How do you measure the birth of a nation? In the case of formerly colonized states, it’s easy: it’s when they declare their independence. But if you consider a nation-state as diverse as Indonesia, were we all “born” at the same time?

We had a shaky start from the onset. There’s this myth that we all became independent at the same time. In fact state-formation — like all births — was messy, bloody and in the case of Indonesia, a protracted affair. Bloody, obviously because of the fighting with the Dutch colonizers, but guess what? Also because of fighting with each other, i.e. with areas that were still part of the Netherlands colonial territory. It was only in 1950 that these areas — Riau, Aceh, Kalimantan, South Maluku, Minahasa — were conquered by the Indonesian Armed Forces, leading to their integration into the Republic.

Then of course there’s Papua aka Irian Jaya (formerly the Netherlands New Guinea), which was “integrated” (read: annexed) in 1962. As I wrote in 2009, “for Indonesia, incorporating Irian into the Republic was the completion of nationhood; for the Papuans, it was their nation’s destruction” (“He ain’t heavy, he’s a brother from Papua” The Jakarta Post, Jan. 14, 2009). Papua was appended on, even though it wasn’t part of the nationalist compact, i.e. the archipelago that made up the Dutch East Indies.

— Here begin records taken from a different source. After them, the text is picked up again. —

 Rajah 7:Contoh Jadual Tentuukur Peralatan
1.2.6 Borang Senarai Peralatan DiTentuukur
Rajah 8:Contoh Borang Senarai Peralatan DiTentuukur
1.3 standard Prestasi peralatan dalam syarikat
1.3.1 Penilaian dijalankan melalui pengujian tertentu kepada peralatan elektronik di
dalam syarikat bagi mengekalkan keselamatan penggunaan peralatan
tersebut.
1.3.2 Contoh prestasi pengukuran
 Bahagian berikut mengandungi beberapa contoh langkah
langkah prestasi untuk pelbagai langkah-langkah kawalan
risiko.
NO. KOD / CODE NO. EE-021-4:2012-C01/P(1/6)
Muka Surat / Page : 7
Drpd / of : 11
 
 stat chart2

After the declaration of independence, the first challenge for the nationalists was to get Indonesians to see themselves as Indonesians. It actually began with Sumpah Pemuda (the Youth Pledge) in 1928, a long process which often meant undermining local or regional identity and being “Indonesian” first.

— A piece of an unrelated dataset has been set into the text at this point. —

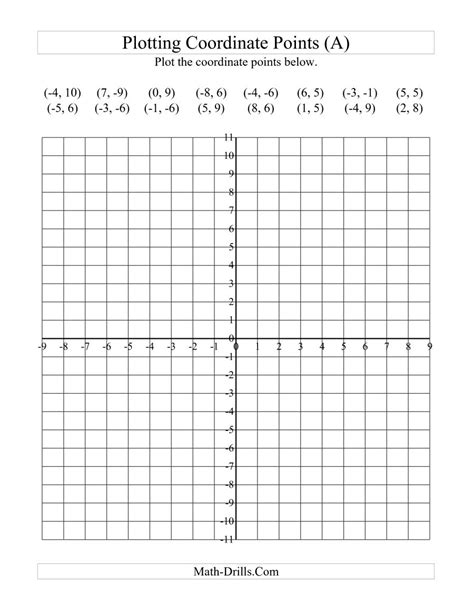 Plot Points On Coordinate Plane Worksheets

But it wasn’t just regional or ethnic identity, it was also religious. Many people struggled against the Dutch as Muslims rather than as nationalists, and they imagined that victory would produce a caliphate. They were more than a little upset when they found themselves living under a secular Pancasila state instead.

That anger and frustration never went away, and every government has had to find various ways to court or appease political Islam in Indonesia. A recent example was arguably the jailing of former governor Basuki “Ahok” Tjahaja Purnama. It had the effect of angering the Gerakan Minahasa Merdeka, an indigenous separatist groups in South Sulawesi who are renewing calls for independence. They felt that “the court’s decision to jail Ahok for blasphemy cast a dark shadow over the rights of Indonesia’s Christian and indigenous minorities”. However, conservative Muslims loved it.